**Task instructions**
Beginning with the line that contains "Under Armour Navy", retype the entries below exactly, ending with the line that contains "60 Inch Aluminum". Leave out any pictures.

++++ Given records

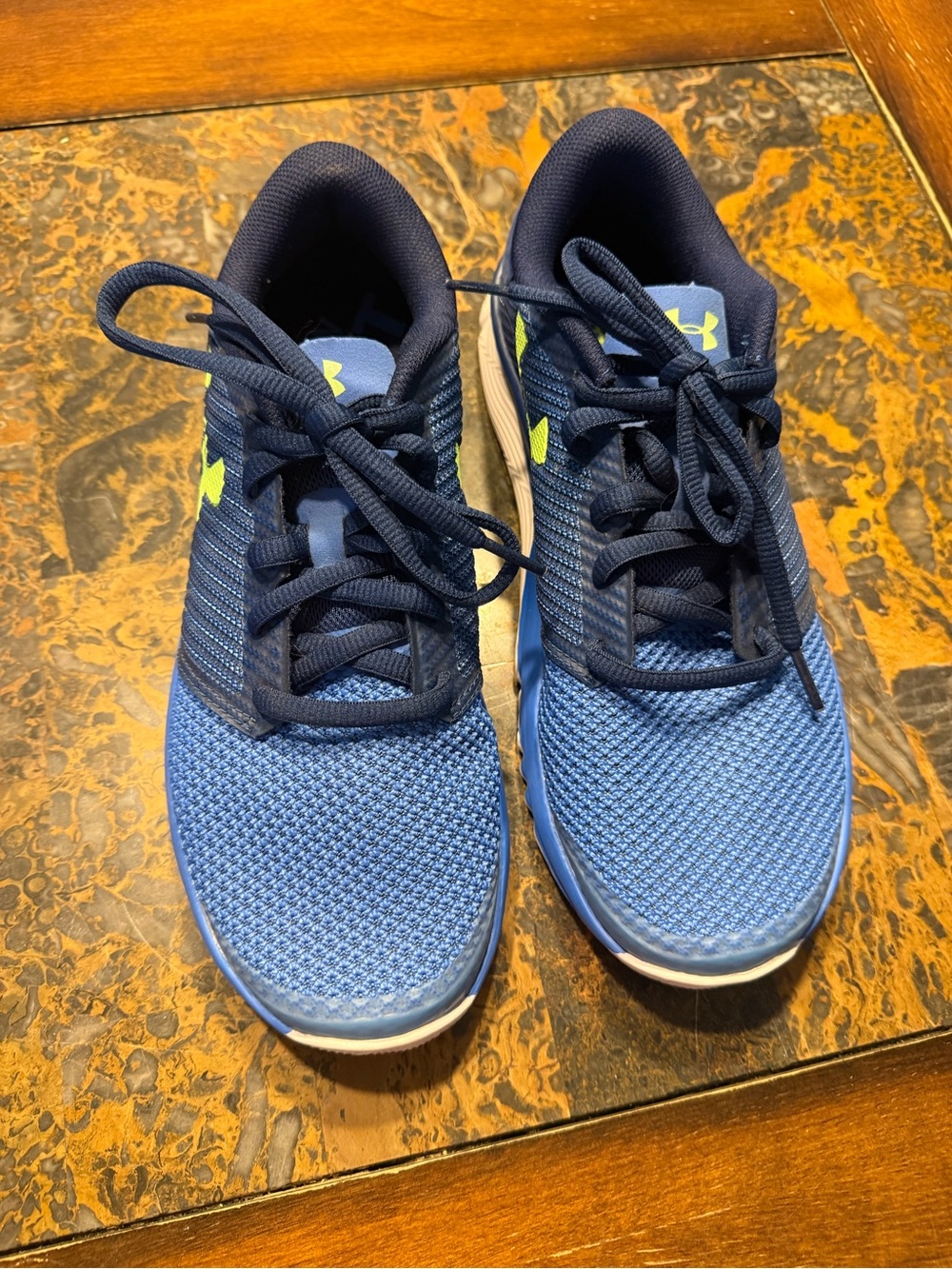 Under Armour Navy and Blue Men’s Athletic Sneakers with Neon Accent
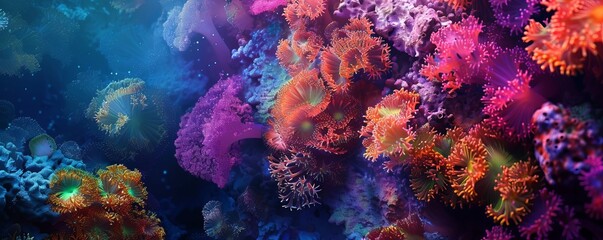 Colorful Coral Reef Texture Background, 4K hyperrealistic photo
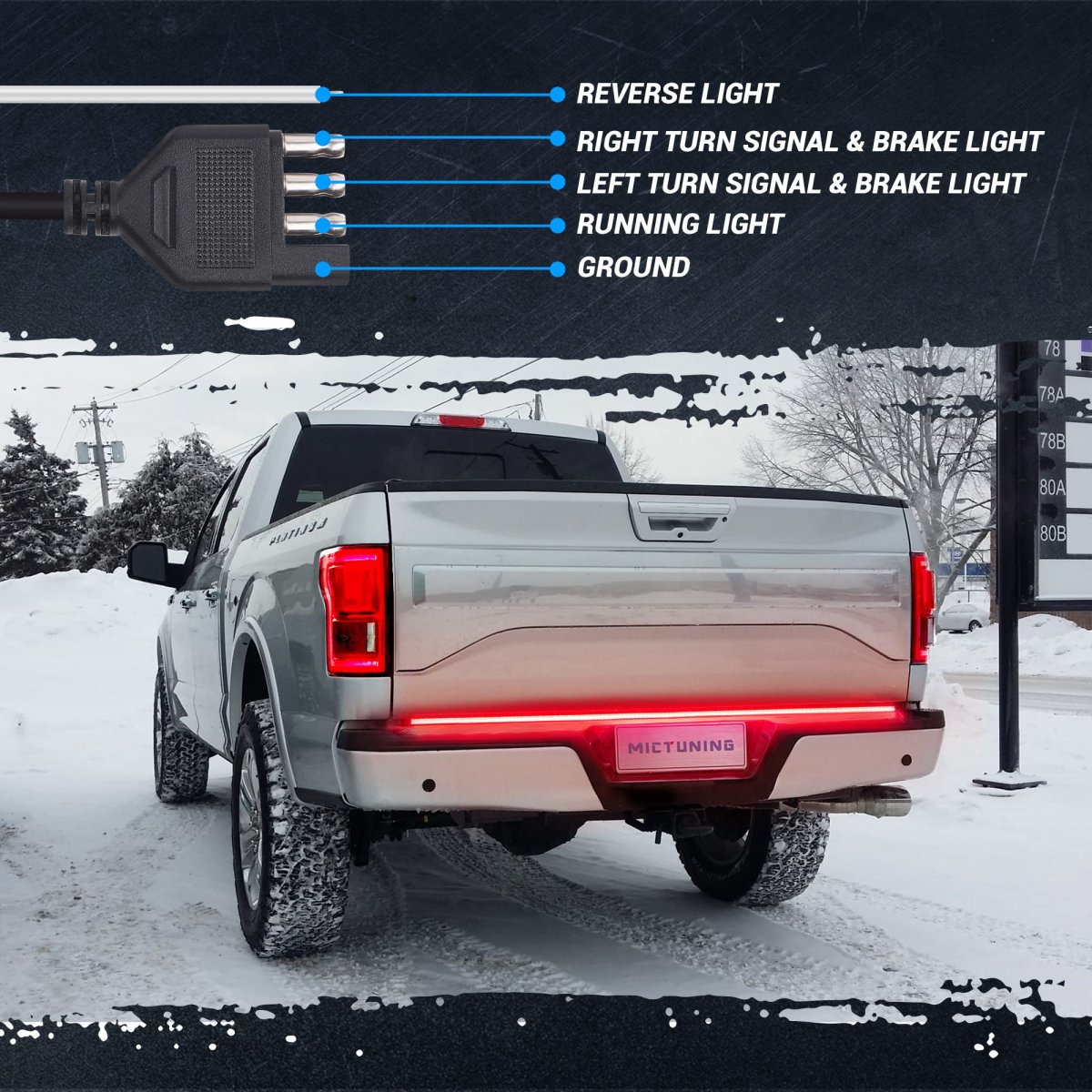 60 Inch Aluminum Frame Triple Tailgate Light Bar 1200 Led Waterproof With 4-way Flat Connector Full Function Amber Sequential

++++++++
++++ Given records

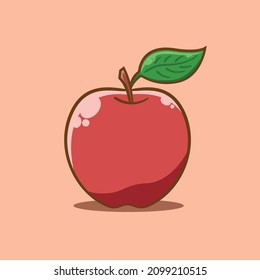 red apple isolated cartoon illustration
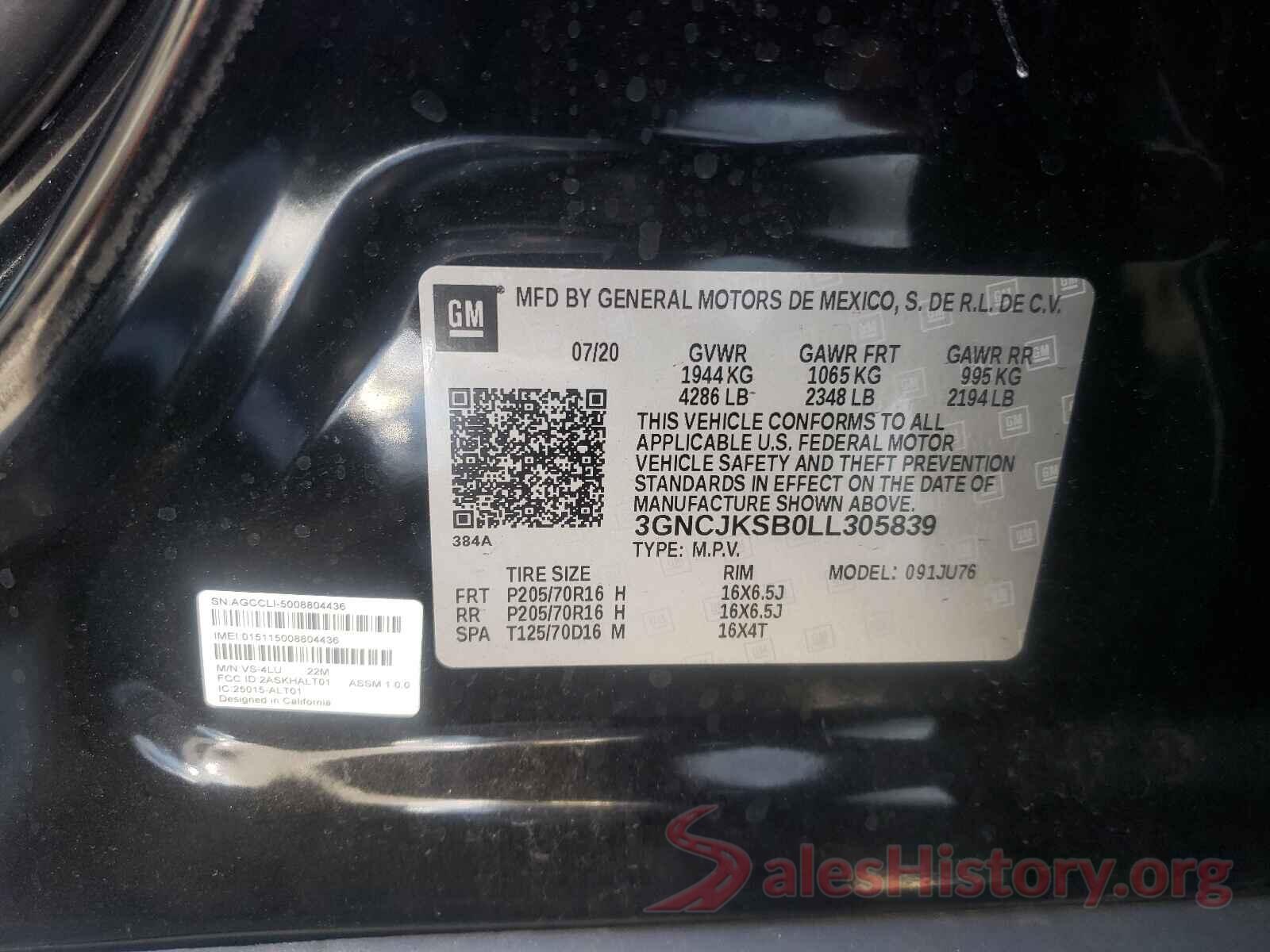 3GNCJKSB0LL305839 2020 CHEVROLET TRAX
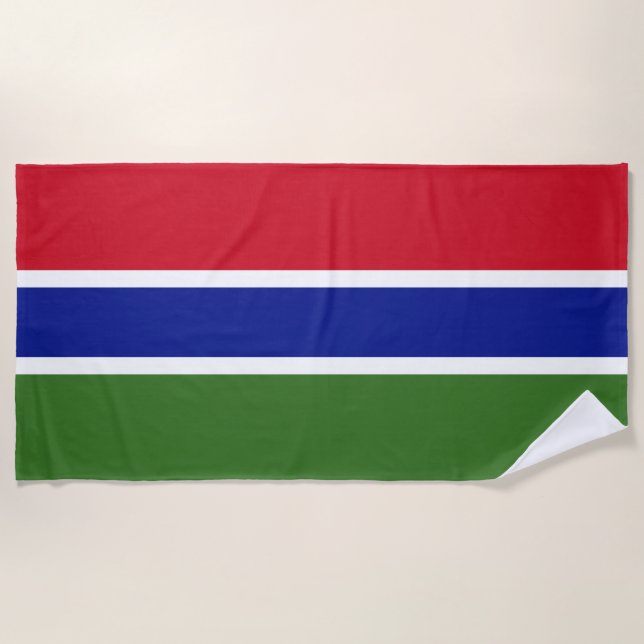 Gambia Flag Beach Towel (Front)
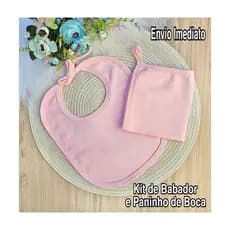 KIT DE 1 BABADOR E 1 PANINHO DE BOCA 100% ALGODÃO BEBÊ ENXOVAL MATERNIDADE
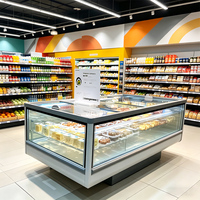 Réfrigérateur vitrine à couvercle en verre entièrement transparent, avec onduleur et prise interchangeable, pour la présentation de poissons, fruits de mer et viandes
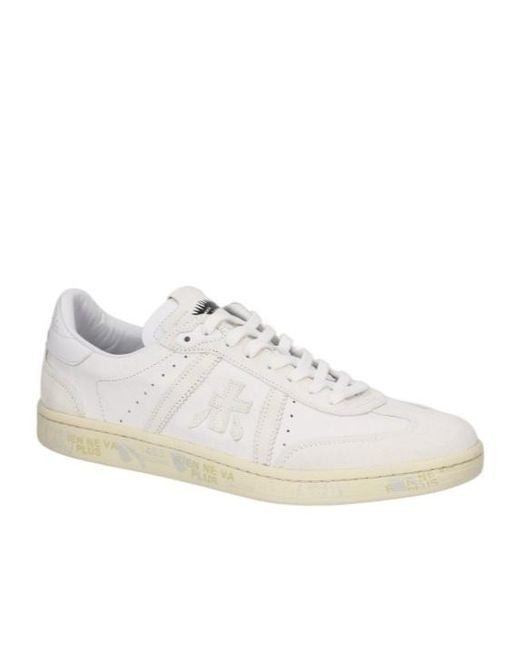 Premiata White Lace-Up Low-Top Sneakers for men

++++++++

**Solution to this task**
 Under Armour Navy and Blue Men’s Athletic Sneakers with Neon Accent
 Colorful Coral Reef Texture Background, 4K hyperrealistic photo
 60 Inch Aluminum Frame Triple Tailgate Light Bar 1200 Led Waterproof With 4-way Flat Connector Full Function Amber Sequential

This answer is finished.